Under the first option, the spirit of the current multi-facility framework would be maintained, with a different facility for each type of financing need. In order to make this new multi-facility framework less complex and more internally consistent than the current set-up, a number of modifications are put forward to the policies governing it. A second option would involve the most far-reaching adjustment of the Fund's lending framework, as it would replace the whole arsenal of IMF facilities with a single, flexible facility. Such a system is appealing for its simplicity, transparency and because it avoids the problem of having to analyse ex ante the type and expected duration of a member's balance of payments needs.
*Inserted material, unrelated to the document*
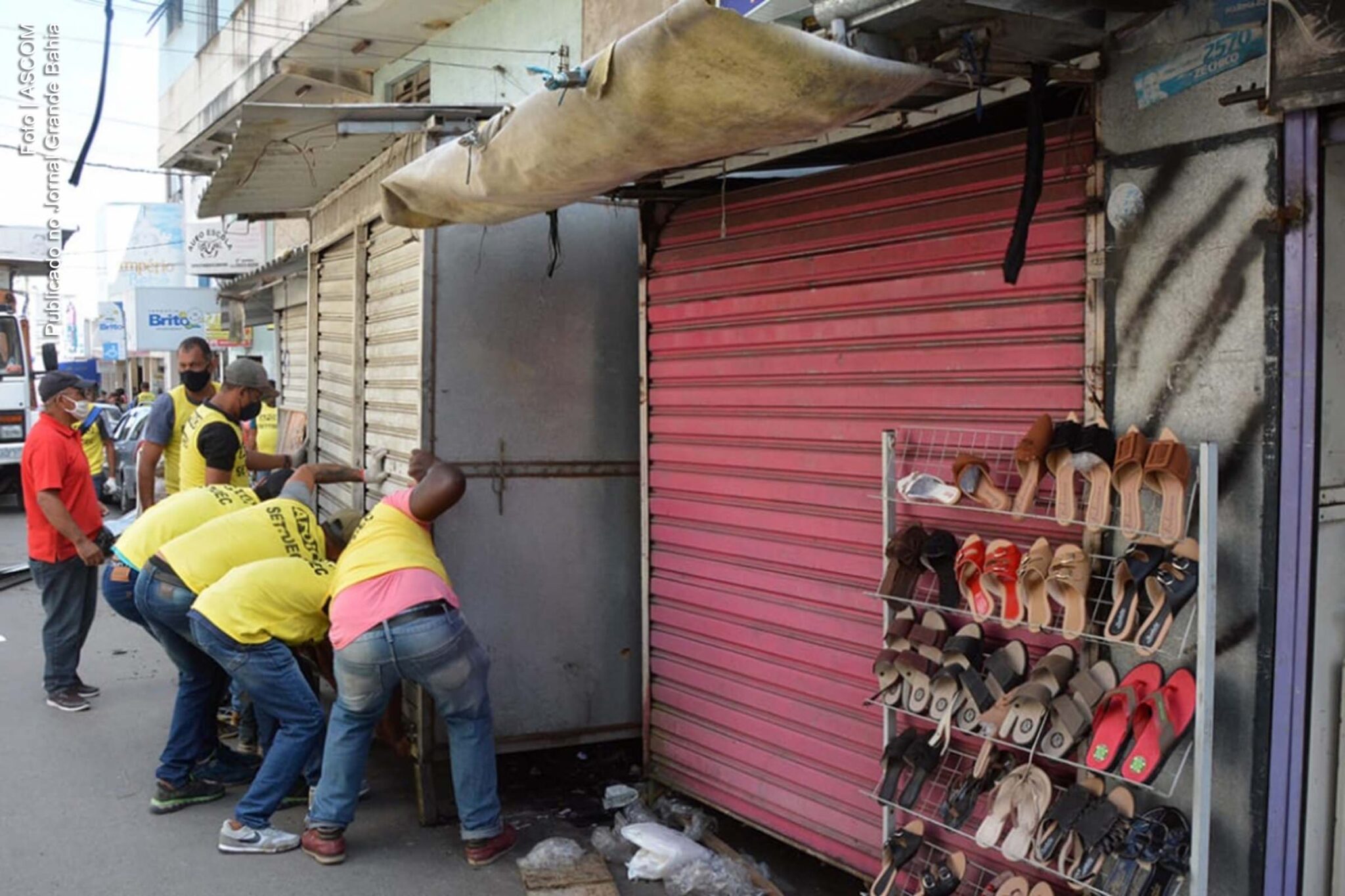 Governo Colbert Martins suspende retirada de barracas do centro de Feira de Santana por determinação da Justiça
On the other hand, in order to be workable and to ensure uniformity of treatment, each lending decision would need to be based on clear rules and with due regard to precedents and the merits and requirements of each case. As an intermediary solution, the third option suggests replacing the current lending framework with a dual framework. Such a structure would comprise two facilities; one facility for short- and one for medium- to long-term access or, alternatively, one facility for normal access and one for exceptional access to IMF resources.